Isaacs, a sharp and engaging speaker, began by talking about a brief history of the Academy, including its origins before diving into how the organization—which is now nearing the 7,000 members mark—is dedicated to honoring the past, present and future of cinema (i.e. the typical “Did You Know” stuff for Oscar novices). Things only started to get interesting when she moved into the Academy’s film preservation work, and how they struggle to keep up with the digital revolution as it keeps on evolving.

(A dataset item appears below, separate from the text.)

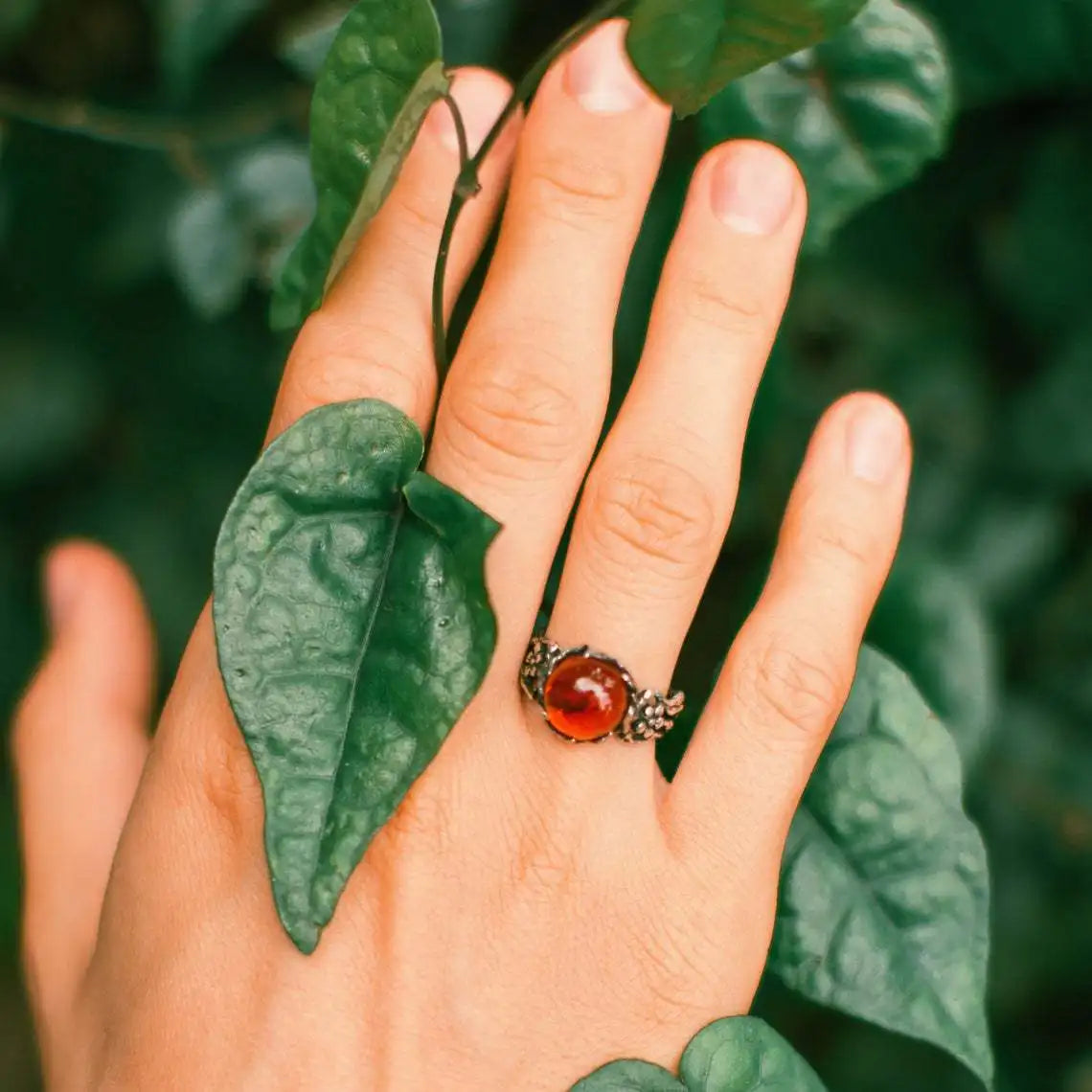 Ember Bloom Silver Ring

A brief reminiscence about watching a restored print of Lawrence of Arabia on the big screen led to an encouraging discussion on the re-emergence of art houses across the nation, specifically in the context of how these small houses are renewing the appetite for art and foreign cinema. Speaking of art houses, Miami-Dade County now has seven of them (Miami Beach Cinematheque, Tower Theater, the Bill Cosford Cinema, Coral Gables Art Cinema, and the three O Cinema locations in Wynwood, Miami Beach and Miami Shores). You’ll be better off as a moviegoer if you visit them.
Isaacs continued by discussing her long career in the industry, starting with her days as an Account Coordinator on Close Encounters of the Third Kind, before getting a job in marketing at Paramount to work on ’80s franchise blockbusters like the Beverly Hills Cop trilogy and the second and third Indiana Jones movies. By the time the ’90s rolled by, she was promoted to the head of marketing at Paramount, in charge of films like Forrest Gump (whose simple yet brilliant marketing campaign turned it into 1994’s word-of-mouth sensation), Titanic (she discussed how Celine Dion’s song was pivotal in putting butts in seats) and Austin Powers: The Spy Who Shagged Me. Since the latter film was opening just a few weeks after Star Wars Episode I: The Phantom Menace i.e. the summer’s must-see event, Isaacs and team came up with a clever way to market their film—leveraging the Star Wars craze for their own benefit. Here’s a teaser.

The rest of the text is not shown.